In answer Robie reached behind his back, slid his spare gun out of its holster, and tossed it to her. She caught it, racked the slide, and held it loosely in her hand.
Now it was Reel’s turn to look surprised.
“They’re not with me,” said Robie.
“Then you were followed.”
He turned off the lantern, plunging the cabin into darkness. “Looks that way. I just don’t know how. Is there another way out of here?”
Reel said, “Yes, there is.”
Chapter 58
Reel went to the corner of the room, shoved the table aside, knelt down, and lifted up a section of the floor, revealing a three-foot-square opening.
“Where does that go?” asked Robie, who sounded chagrined that he hadn’t noticed it before.
“Away from here.”
She sat on her butt and dropped down into the hole. “Let’s go. They won’t be waiting out there long.”
“Then let me persuade them they should exercise some caution,” said Robie.
He moved to the window and fired five shots through it. He placed his rounds in a wide enough array that anyone approaching would be forced to take cover. Then he moved to the hole and dropped through. He stood up and motioned to Gwen. “Come on.”
Gwen shook her head. “I’ll just slow you down.”
Reel stood next to Robie. “Gwen, you’re not staying behind.”
“I’m old and just worn out, Jess.”
“This is not open for discussion. Come on.”
Gwen slipped a revolver from the front pocket of her dress and pointed it at Reel. “You’re right. This is not open for discussion, Jess. Go.”
Reel looked at her in disbelief.
Robie pulled on her arm. “Not much time.”
They heard footsteps approaching from all sides.
“Go!” snapped Gwen. “I didn’t raise you to die like this. You’re going to go and finish this, Jess. Now.”
Robie slung his bag over his shoulder, pulled Reel down into the hole, and then moved the piece of flooring back into place. Gwen scuttled over and repositioned the table back over the opening. Then she turned to the door to face what was coming.
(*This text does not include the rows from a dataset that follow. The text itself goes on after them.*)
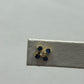14k Solid Gold Diamond Earring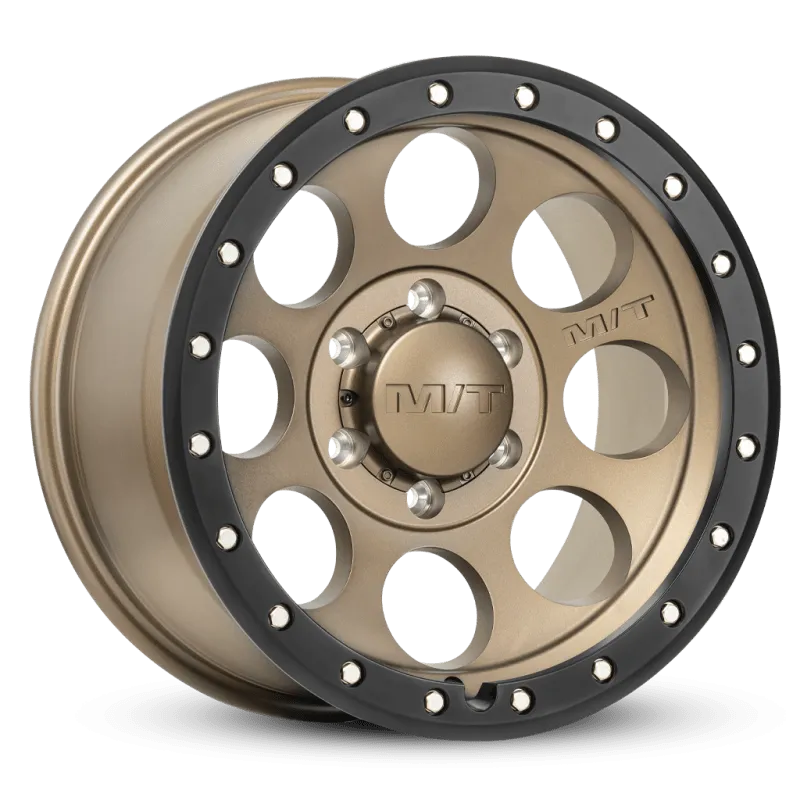 Mickey Thompson Classic Pro Bronze Wheel - 20X9 8X180 BP 5in BS 0 Offset 125.2mm Bore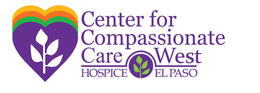CENTER FOR COMPASSIONATE CARE WEST HOSPICE EL PASO trademark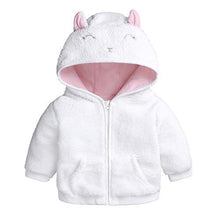 Load image into Gallery viewer, Fashion Spring Baby Coat Lamb Cashmere baby Boy Girl Baby Clothes Infant in Elegant Coat
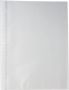 Pergamy geperforeerde showtas A4 23-gaatsperforatie gekorrelde PP van 60 micron pak van 100 stuks - Thumbnail 1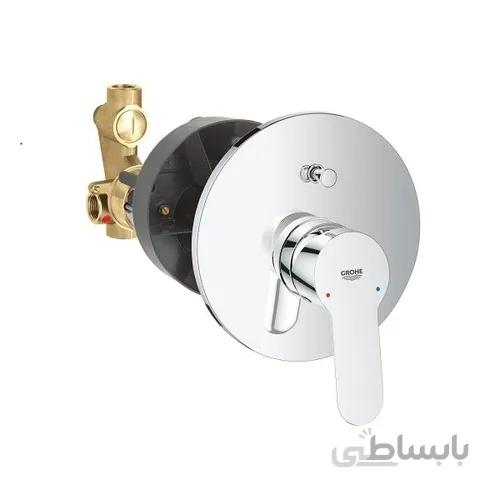 شیر حمام توکار گروهه مدل Bauedge کد KGR1024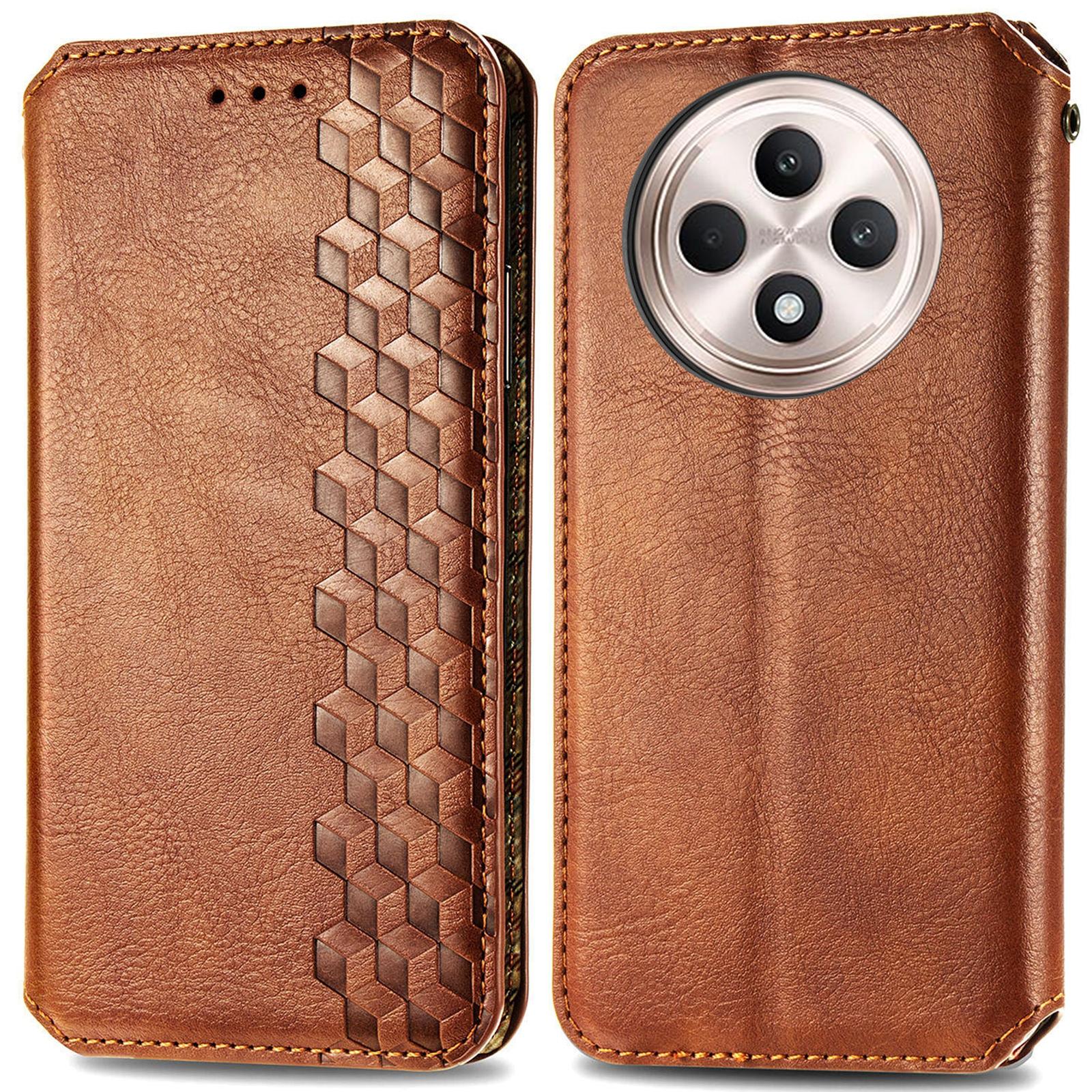 For Oppo F27 5G Case Rhombus Imprint PU Leather Wallet Phone Cover Brown
For Oppo F27 5G Case Rhombus Imprint PU Leather Wallet Phone Cover Brown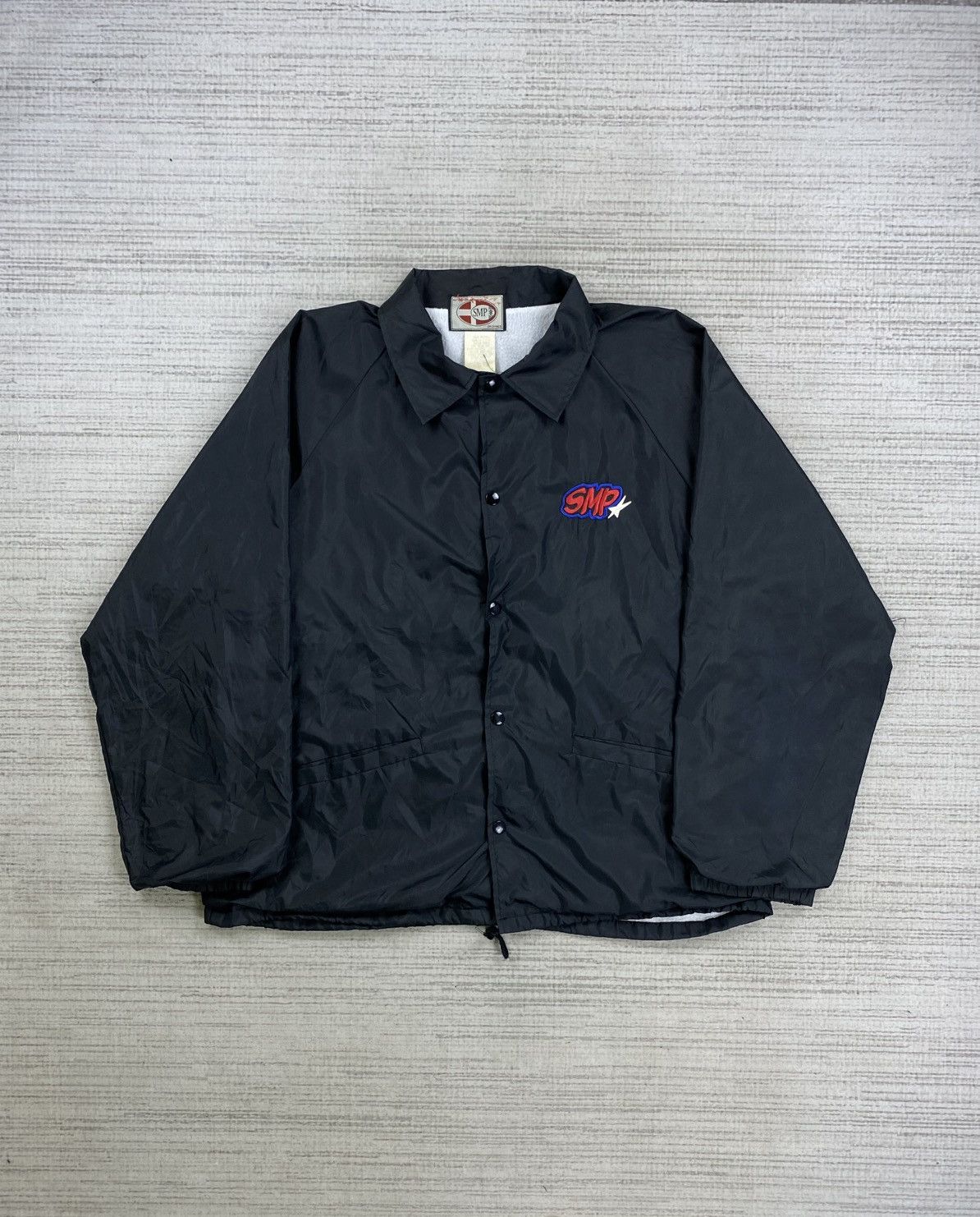 Sex Skateboards Vintage 90s SMP Original Skateboard Coach Jacket Size US L / EU 52-54 / 3 - 1 Thumbnail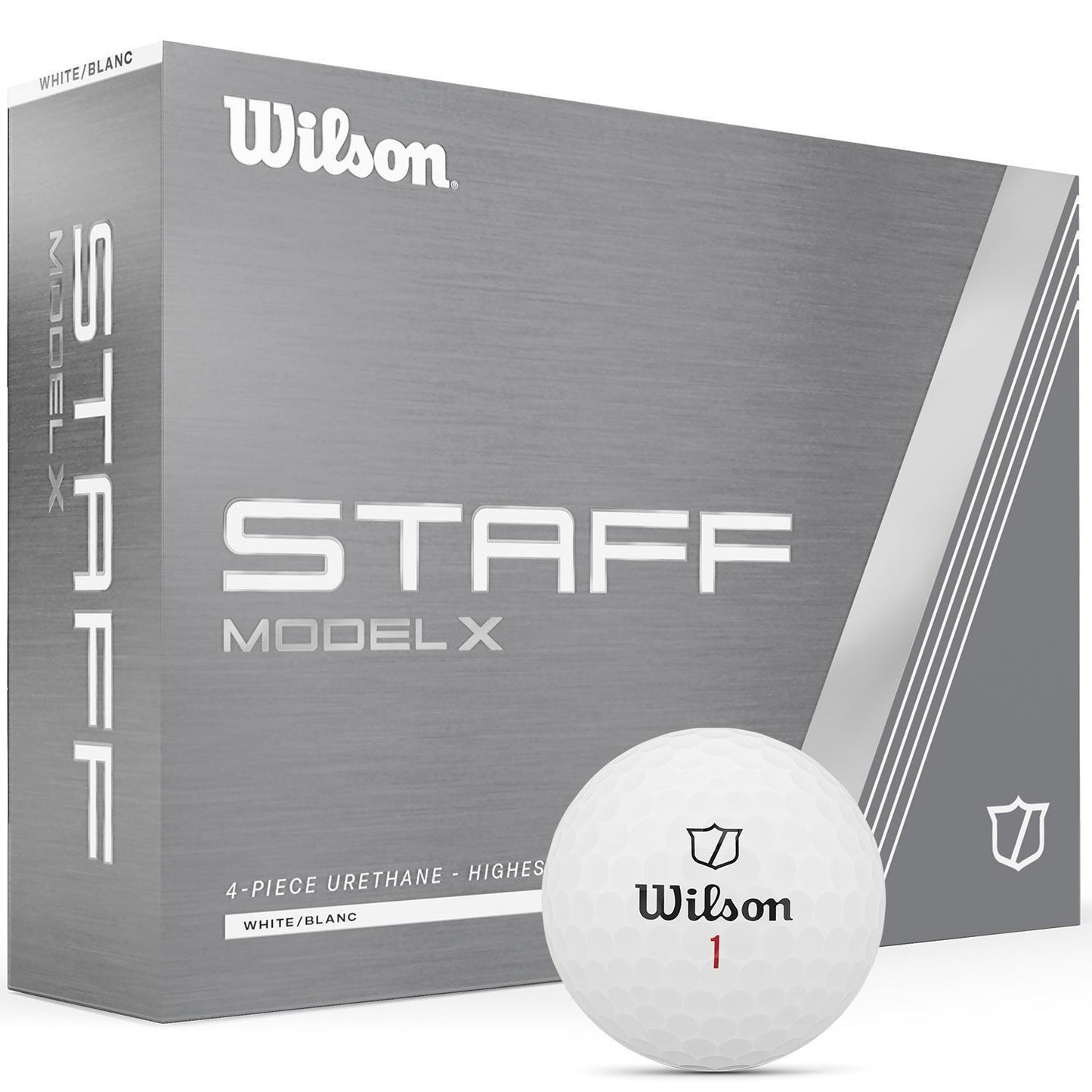 Wilson Staff Model X Golfbälle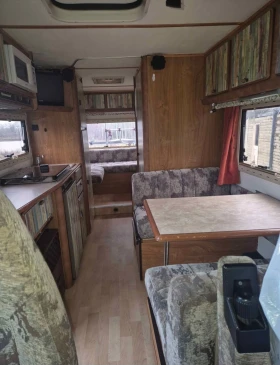 Кемпер HYMER / ERIBA, снимка 4 - Каравани и кемпери - 53680497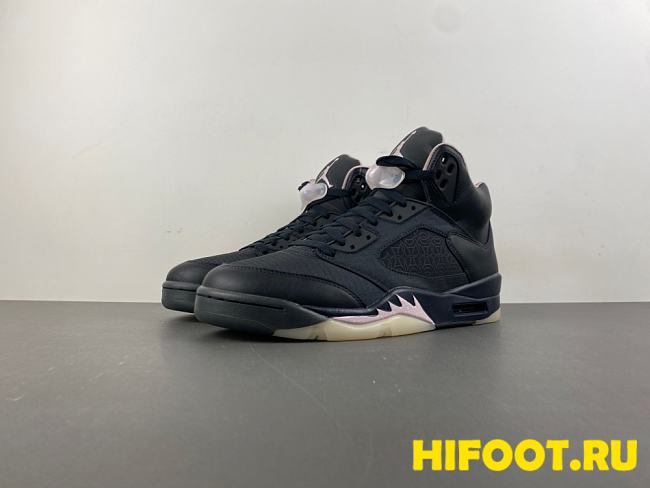 Jordan 5 Retro PSG Paris Saint-Germain Off Noir HQ3004-001 - 1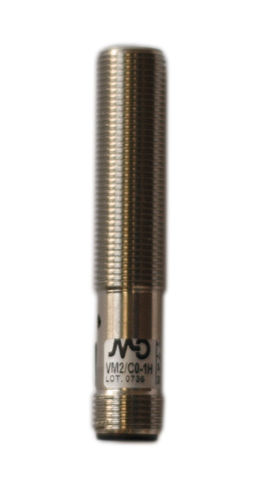 Sensor de proximidade indutivo - VM series - Micro Detectors - cilíndrico / analógico / com rosca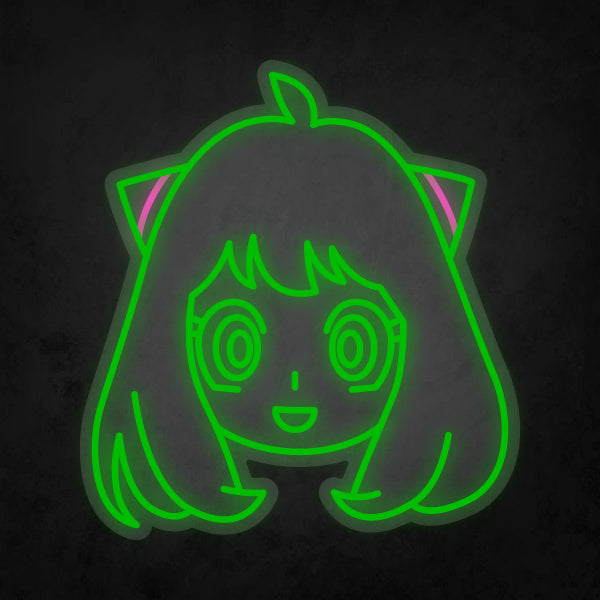 LED Neon Sign - Spy Family - Anya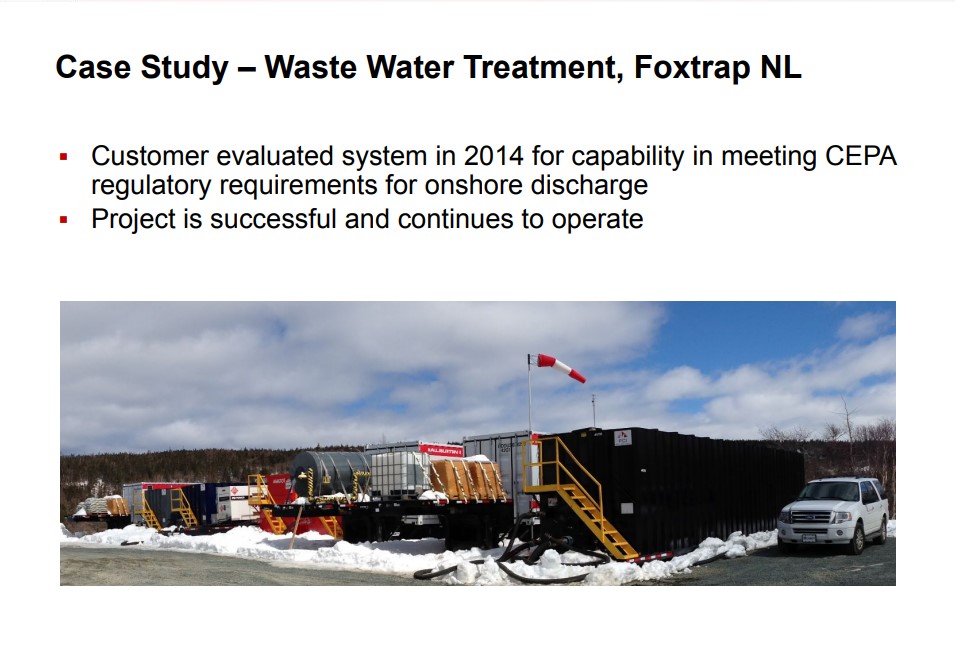 Electrocoagulation Field Setup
Robie and Reel had to crawl on their bellies. At one point in the tunnel there was a large knapsack. Reel snagged it, slung it over her shoulder, and kept crawling.
“Where does it come out?” asked Robie.
“In the woods,” she whispered. Her voice was strained.
Robie knew where her mind was. On Gwen. On what was about to happen to her. But maybe they wouldn’t hurt the old woman.
The gunshots they both heard moments later settled that question. Barely inches behind her in the tunnel, Robie ran up the backs of Reel’s legs as she stopped at the sound.
They just lay there for several seconds. Robie could hear Reel breathing fast.
“You okay?” he finally asked.
“Let’s go,” she said in a husky voice, and she started crawling again.
What they heard thirty seconds later made them accelerate their movements. Other people had dropped into the tunnel. Robie and Reel whipped their bodies back and forth, performing a hyper-speed version of the Army crawl.
A minute later Reel stood, pushed against something, and then her legs disappeared from sight. Robie scrambled up after her, gained purchase on the dirt, and looked around.
They were in the middle of the forest.
The cover for the tunnel had been well designed: a fabricated tree stump made of lightweight materials.
Reel unzipped her bag, slipped out a grenade, counted to five, pulled the pin, bent down, and tossed it as far down the tunnel as she could.
Then they both ran for it, Reel in the lead because she knew where to go, Robie right behind. His gun was out and he was alternating between following Reel and covering their rear flank.
The explosion wasn’t loud, but they could both hear it clearly.
“That was for Gwen,” Robie heard Reel say as they raced through a barely discernible path between the trees.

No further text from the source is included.